This is a question I've been wondering about for a while now, as I've watched a movement of knitters, cross-stitchers, and seamstresses grow out of the culture of zinesters, scenesters, and lo-fi singer song-writers I've long thought of as my people. "Indie," of course, is short for "independent," but what does it mean to tack the term onto craft? Isn't craft, i.e, the skilled forging of items by hand, already independent, in the sense it implies handmade over mass produced, sold at fairs and boutiques over stocked at Ikea and Home Goods? Ever since John Ruskin and William Morris launched the Arts and Crafts Movement in 19th Century England as an antidote to the anomie and alienation implicit in mass manufacture, craft has been instilled with at least a latent political ideology. It emphasizes self-expression over capitalization, labor for its own sake over working for money, and autonomy over corporate servitude. These, no doubt, are the very attributes that drew indie kids to craft in the first place. It was like a last refuge of indie authenticity once "indie rock" was drafted onto Top-40 Radio and Subaru commercials, indie films starting winning Oscars, and scrappy DIY zines gave way to glossy, mass-readership blogs. Craft is the indie scene's own back to the land movement.
But what distinguishes indie craft from any other variety of craft, say the pottery sold by velvet-vested beirdos at the Chico farmers markets of my youth, the crystal necklaces bedecking the counters of Northern California New Age supply shops? Why are these crafts not "indie?"
There are three answers I can think of and the first two are essentially aesthetic. First, indie craft is indie because it is produced by people who themselves are recognizably "indie." Here I mean something like "twee," though without the diminutive connotations. Indie craft is craft made by women in thrift store flower dresses and hand-me-down sweaters, men in Weezer glasses and Converse All Stars. Indie craft is craft with the National playing in the background.

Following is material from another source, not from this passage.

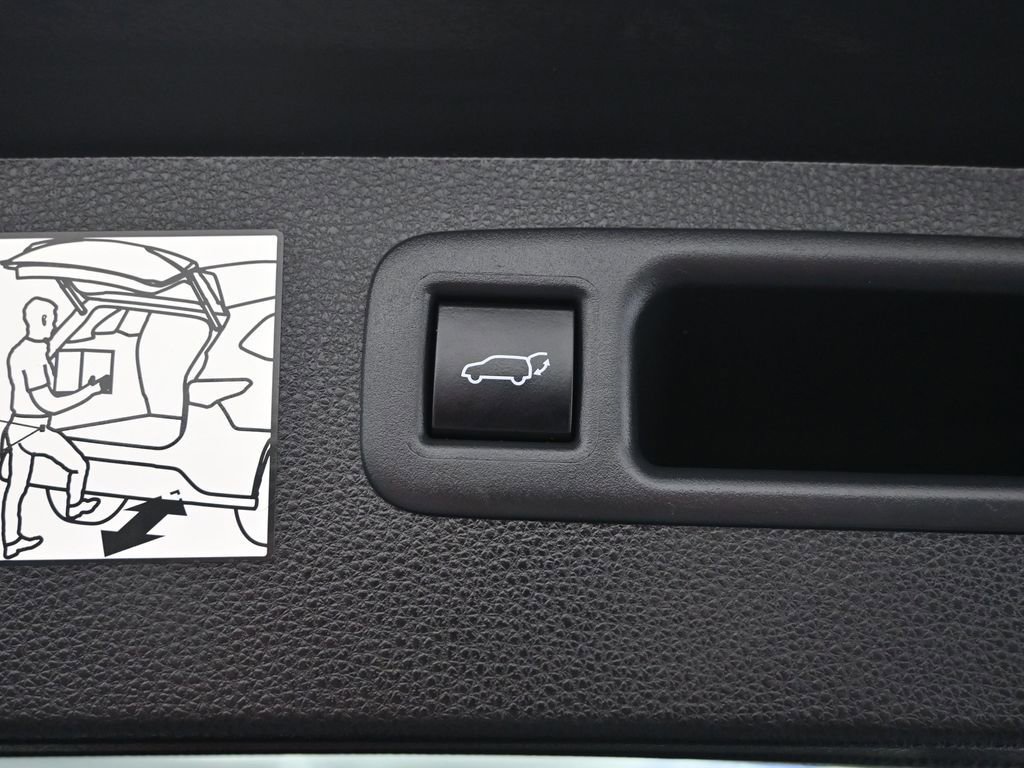 Used 2022 Toyota Highlander Limited image 40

Second, indie craft is craft that itself displays an indie aesthetic, an aesthetic, which, as anthropologist Wendy Fonarow describes it, is rooted in childhood nostalgia and a low-grade Anglophilia filtered through the lumberjack utilitarianism of the Pacific Northwest. Indie craft is cutesy and self-consciously nerdy. Indie craft is homespun but ironic. Indie craft is owls and quaint rustic homes, unscary monsters and bold graphic print.
Third, and perhaps most flattering to indie crafters themselves, indie craft is craft that makes its own independence a critical component of its practice. Indie craft is craft that is self-consciously — but unthreateningly — political. It uses recycled materials. It reuses. It upcycles. And it is sold only on a small scale through self-managed media like Etsy, craft fairs, and blogs.
There is only, however, one way to really recognize craft as indie, and that's to go to a fair like Art Star Craft Bazaar, going on right now in Philadelphia, and see for yourself. Indie is not always easy to describe, but it's certainly recognizable.